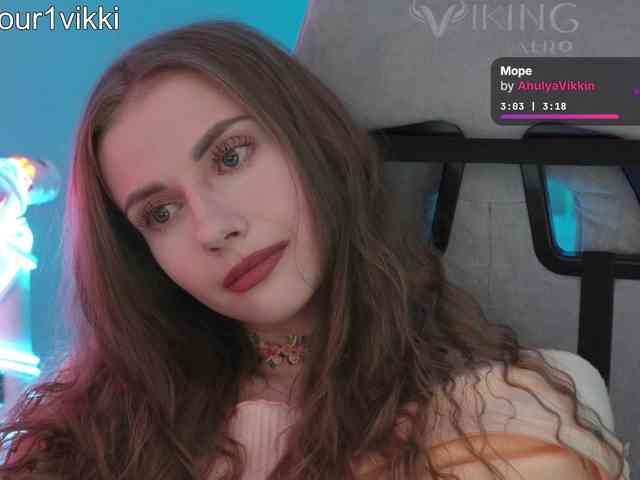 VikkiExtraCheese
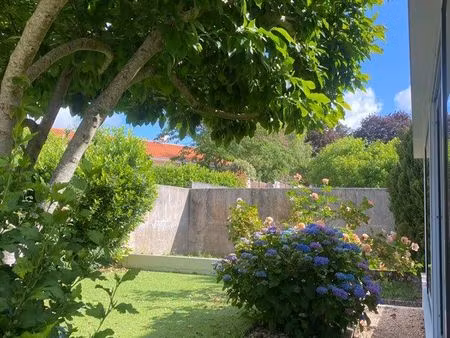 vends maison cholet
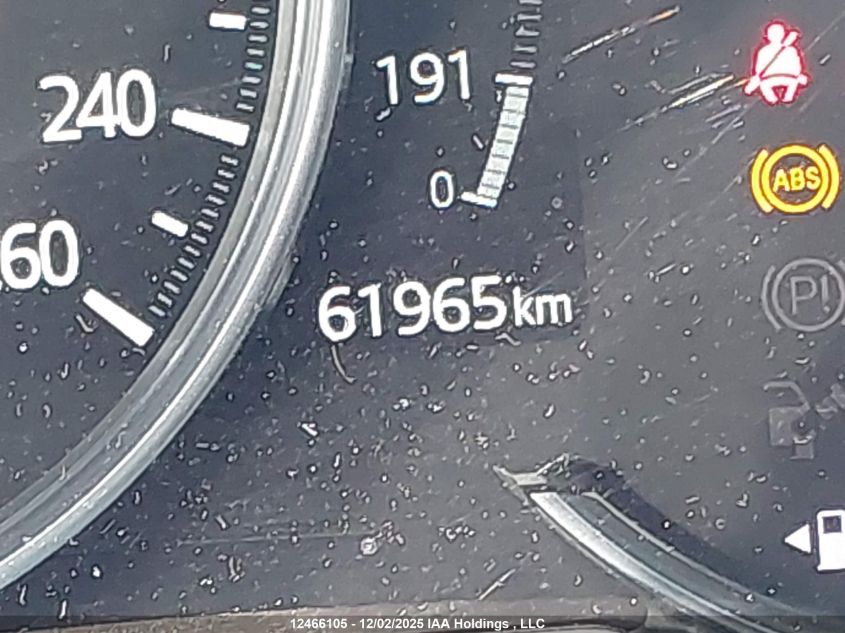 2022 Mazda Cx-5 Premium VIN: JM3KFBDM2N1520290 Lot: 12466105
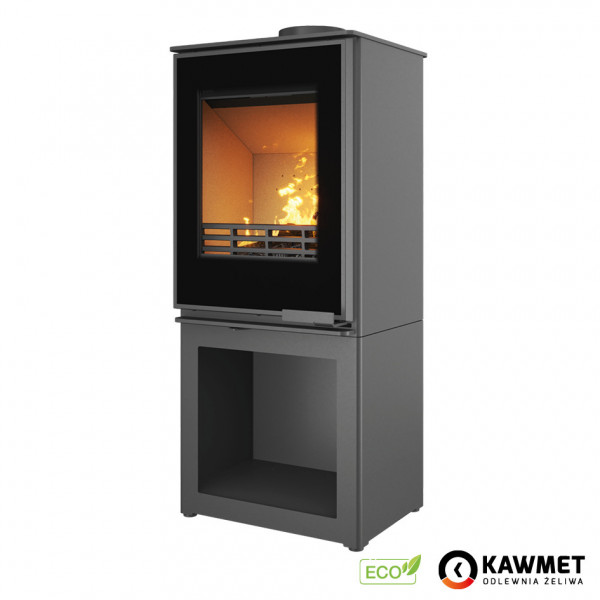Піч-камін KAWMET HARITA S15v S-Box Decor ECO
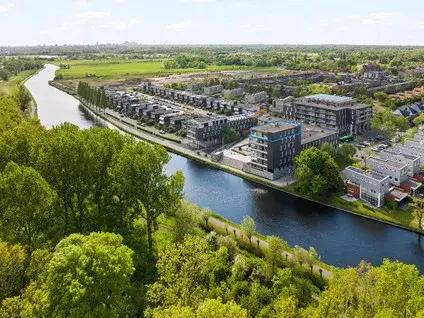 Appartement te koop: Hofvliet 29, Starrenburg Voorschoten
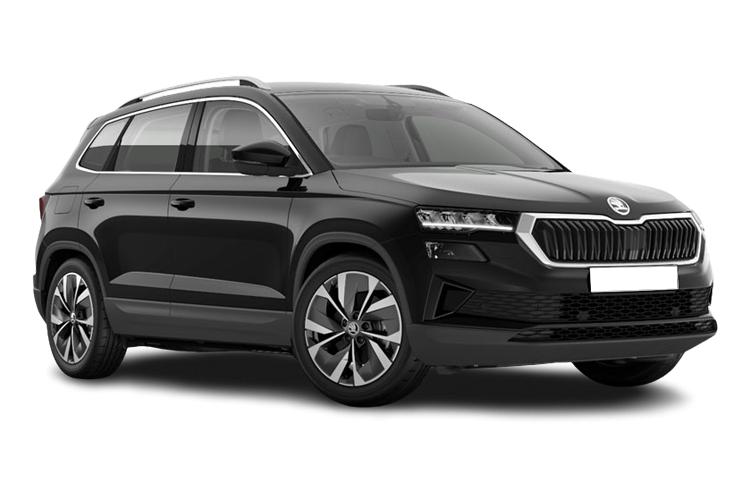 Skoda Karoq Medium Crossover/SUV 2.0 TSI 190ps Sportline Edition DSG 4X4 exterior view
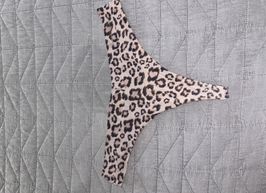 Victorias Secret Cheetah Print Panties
==
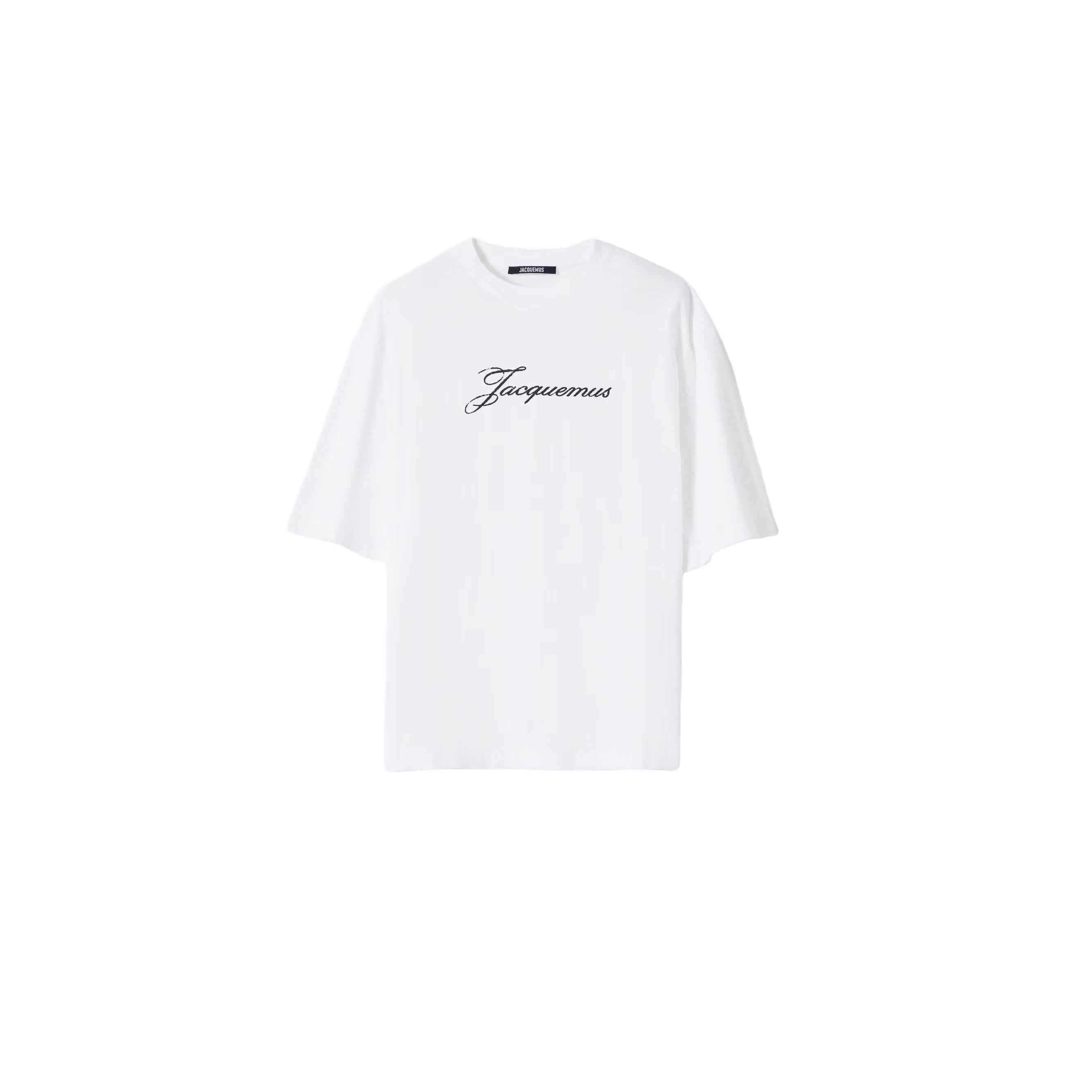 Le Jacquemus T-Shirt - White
...
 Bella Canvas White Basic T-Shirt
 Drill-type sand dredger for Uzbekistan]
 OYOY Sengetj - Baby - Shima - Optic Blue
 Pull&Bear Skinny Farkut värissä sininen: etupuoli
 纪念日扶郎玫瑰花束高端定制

=== What the exercise asks ===
Exactly the lines starting at the one above with "vends maison cholet" and ending at the one with "Victorias Secret Cheetah Print Panties" should be printed, and nothing else. Omit the pictures.

=== Response ===
 vends maison cholet
 2022 Mazda Cx-5 Premium VIN: JM3KFBDM2N1520290 Lot: 12466105
Піч-камін KAWMET HARITA S15v S-Box Decor ECO
 Appartement te koop: Hofvliet 29, Starrenburg Voorschoten
 Skoda Karoq Medium Crossover/SUV 2.0 TSI 190ps Sportline Edition DSG 4X4 exterior view
 Victorias Secret Cheetah Print Panties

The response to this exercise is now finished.